## TASK DETAILS
Would you print the data below exactly, leaving out every picture?

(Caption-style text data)
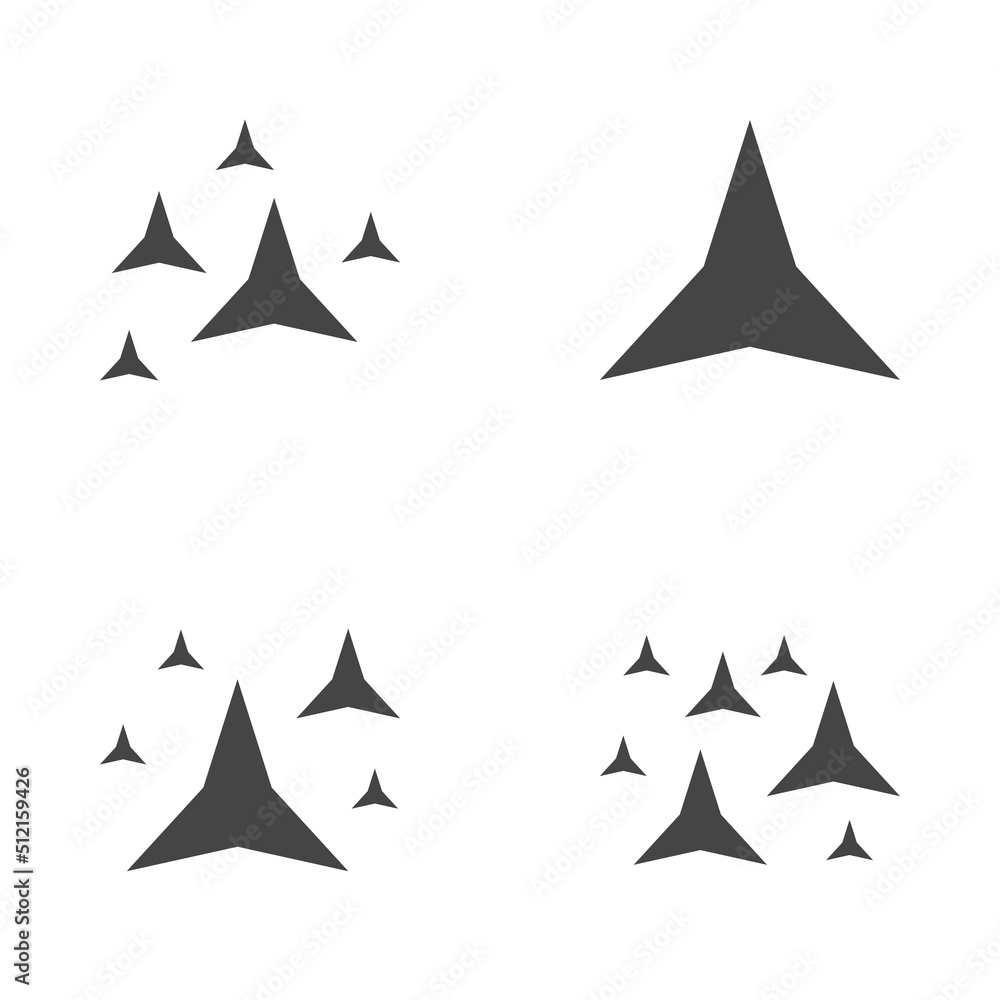Set of stars sparkles, flat design Set of stars sparkles, flat design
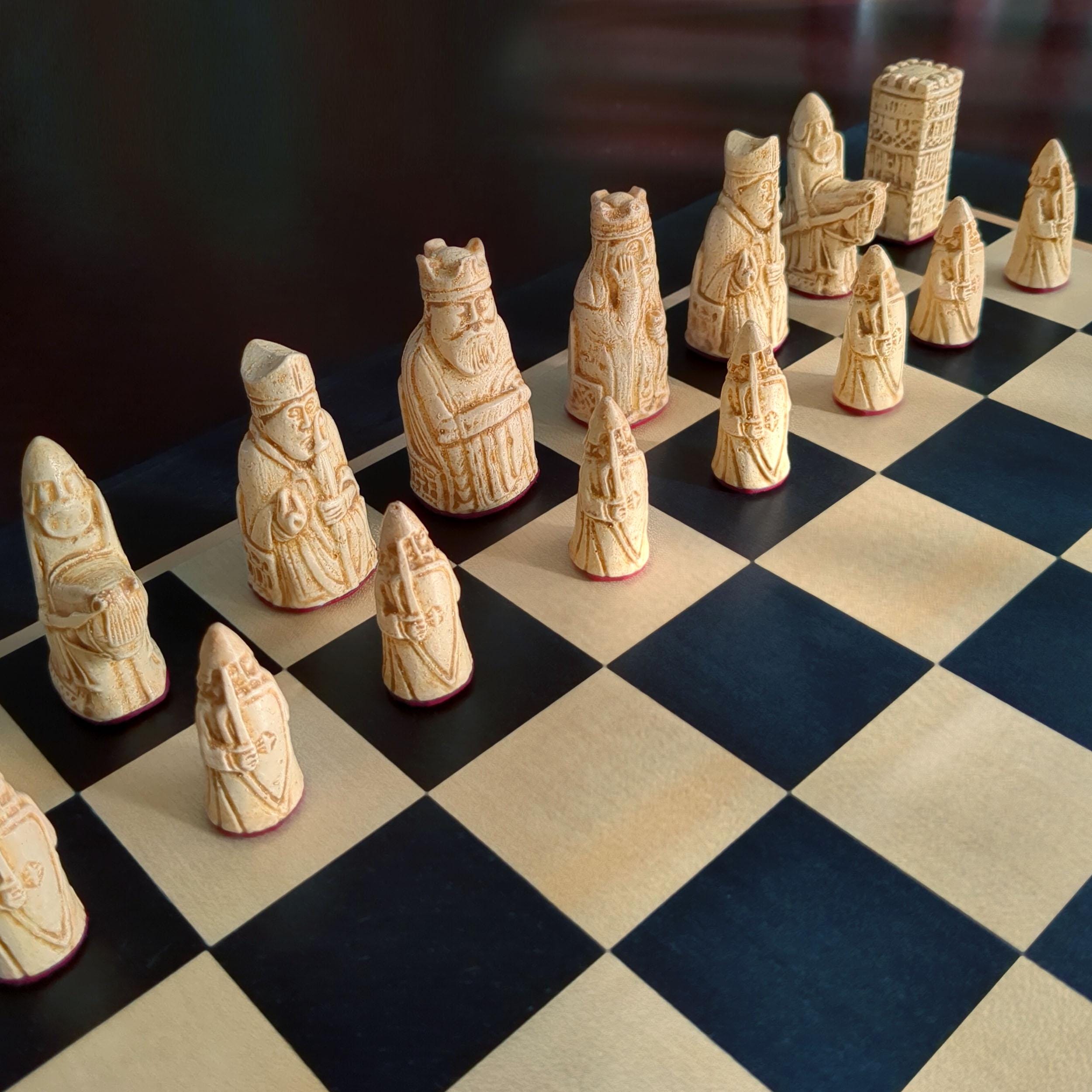 Mini Isle of Lewis Chess Set | 32-piece Medieval Chessmen Plus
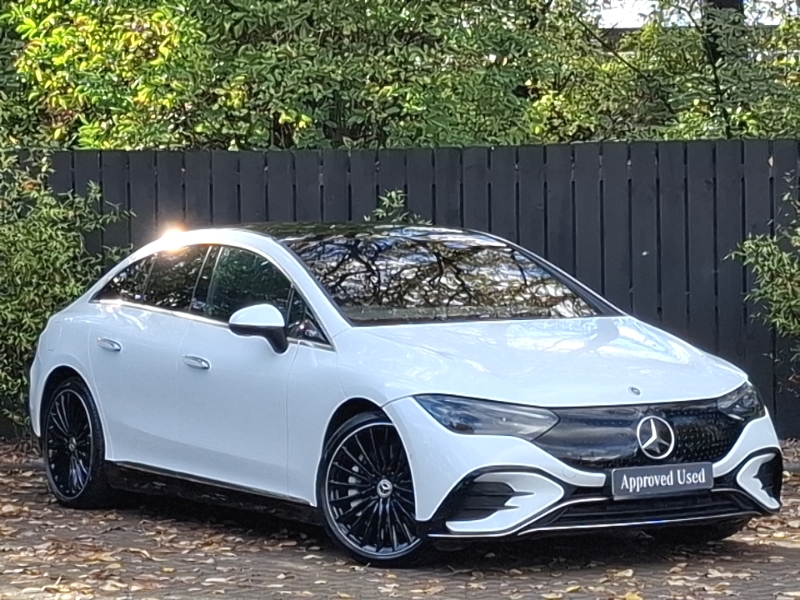 white Mercedes Benz EQE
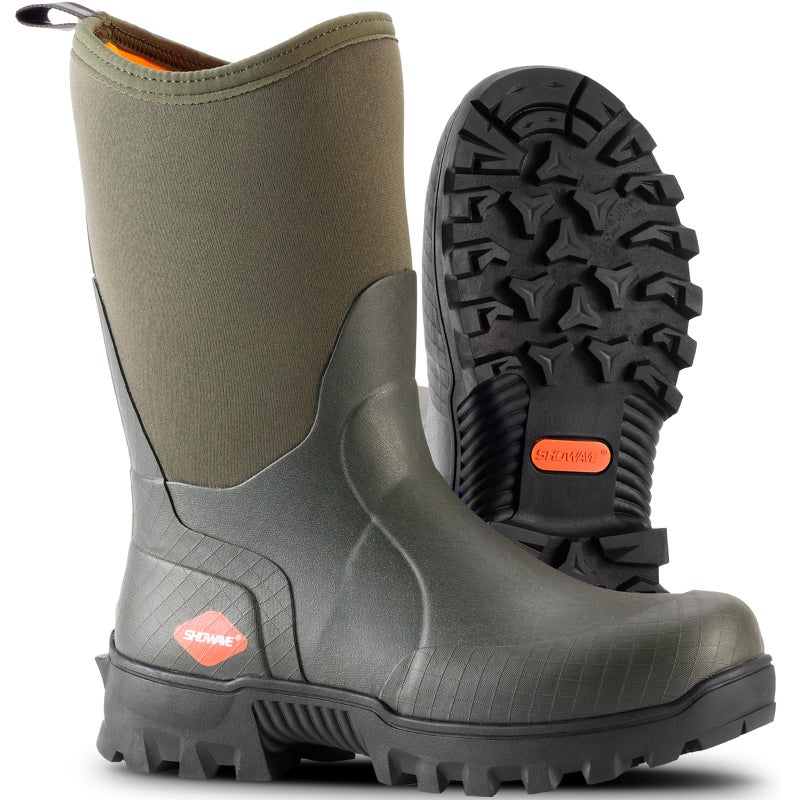 Showave Men's Mid Calf Rubber Work Boots Waterproof Rain Boot Insulated Mud Boots with Comfortable Sports Soles(Green,Size 8) - Image 1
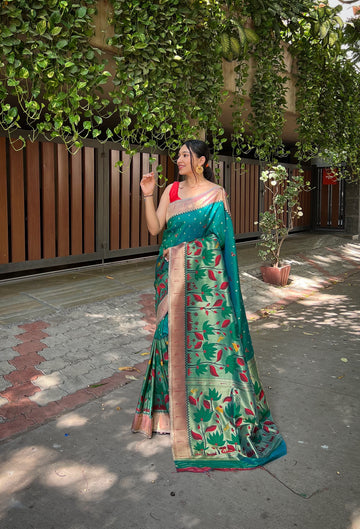 Rama Green Banarasi Silk Saree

## ANSWER BELOW
Set of stars sparkles, flat design Set of stars sparkles, flat design
 Mini Isle of Lewis Chess Set | 32-piece Medieval Chessmen Plus
 white Mercedes Benz EQE
 Showave Men's Mid Calf Rubber Work Boots Waterproof Rain Boot Insulated Mud Boots with Comfortable Sports Soles(Green,Size 8) - Image 1
 Rama Green Banarasi Silk Saree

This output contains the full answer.